Iranian Navy destroyer Jamaran seized two of the United States Navy’s sea drones on September 1. The Navy responded by sending two of its guided-missile destroyers, uss Nitze and uss Delbert D. Black, to retrieve the stolen drones. The Iranians attempted to hide the large drones under tarps but ultimately cast them overboard as the U.S. destroyers approached.
Following the failed theft, Iranian state television claimed the Jamaran found the drones abandoned and endangering shipping traffic. “After two warnings to an American destroyer to prevent possible incidents, Jamaran seized the two vessels [and] released the vessels in a safe area.”
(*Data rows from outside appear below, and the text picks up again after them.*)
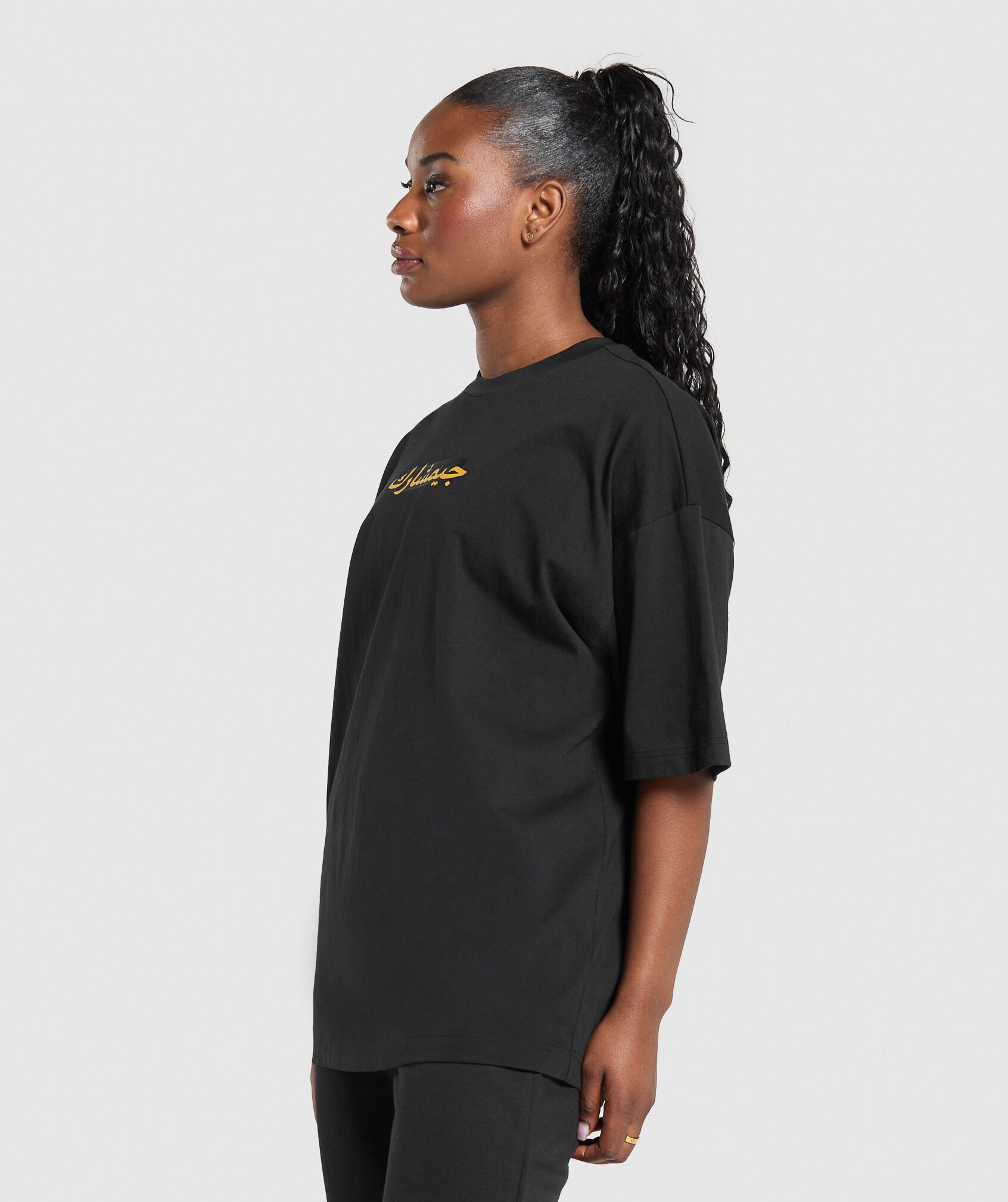 Block Overlay OS Baggy Tee GFX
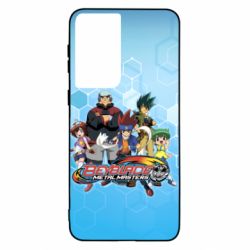 Чохол для Samsung S21 Beyblade Metal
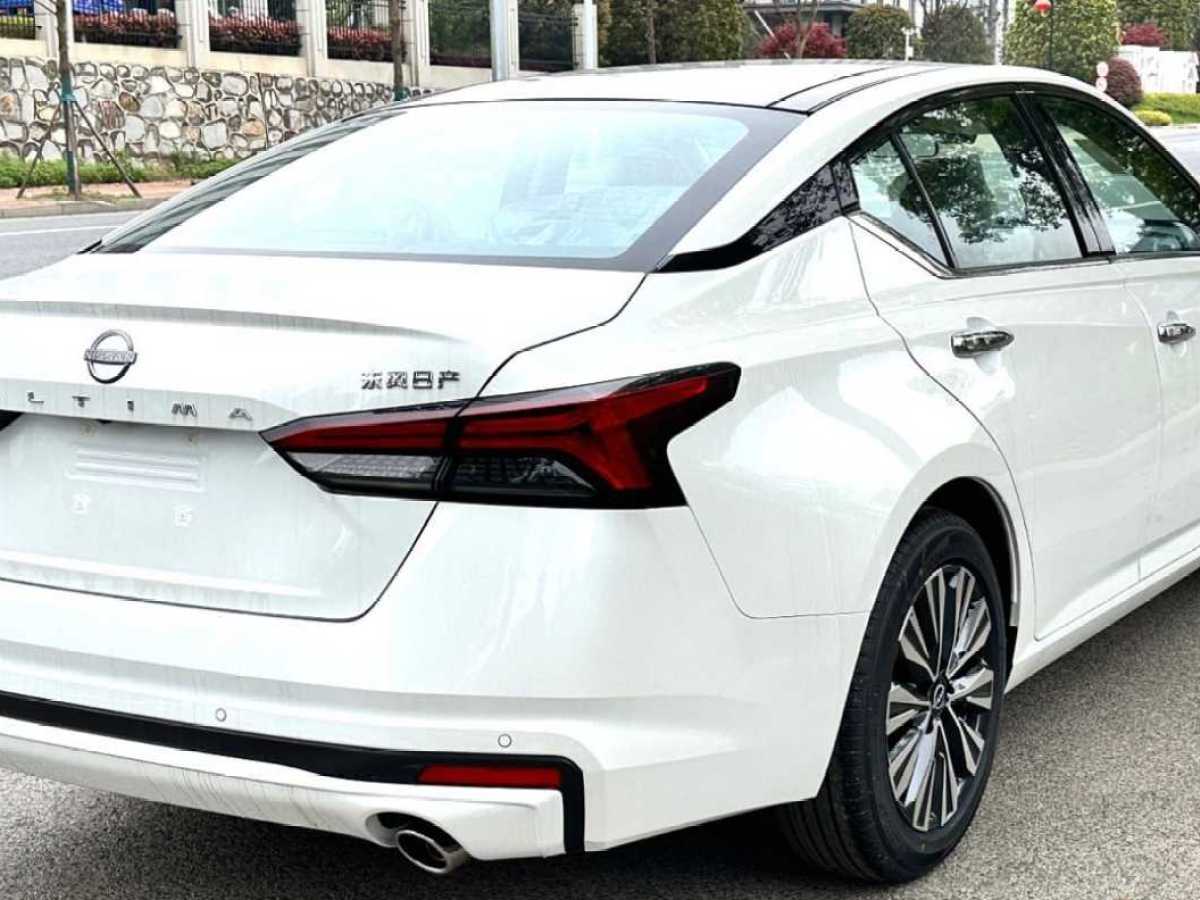 2024年4月日產(chǎn) 天籟  2022款 2.0L XL-TLS 悅享版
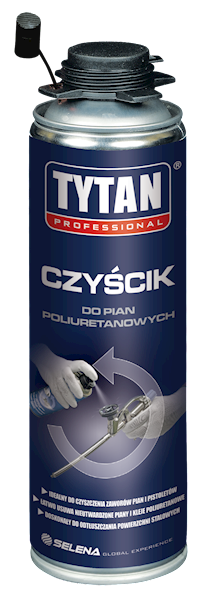 Czyścik uniwersalny do pian poliuretan.Tytan 500ml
The 5th Fleet said the unarmed, commercially available Saildrone Explorers were “taking unclassified photos of the surrounding environment while loitering in an assigned patrol area at least 4 nautical miles from the nearest maritime traffic lane. The vessels posed no risk to naval traffic and had been operating in the general vicinity of the Southern Red Sea for more than 200 consecutive days without incident.”
The drones didn’t escape unscathed as the Iranians removed several cameras before releasing the drones. This is the second recent attempt by Iran to steal one of the Navy’s sea drones.
Why is Iran so interested in stirring up trouble in the Red Sea? With negotiations over its nuclear program still ongoing, why risk such a provocative action?
The Red Sea is one of the biggest trade routes in the world, especially for Middle East oil flowing into Europe. Iran could do incredible economic damage if it threatened those shipping lanes. And as Trumpet editor in chief Gerald Flurry writes in Germany’s Secret Strategy to Destroy Iran, “It is not farfetched to see Iran using its power to control the flow of oil out of the Middle East. The supreme leader of Iran, Ayatollah Ali Khamenei, has threatened as much.”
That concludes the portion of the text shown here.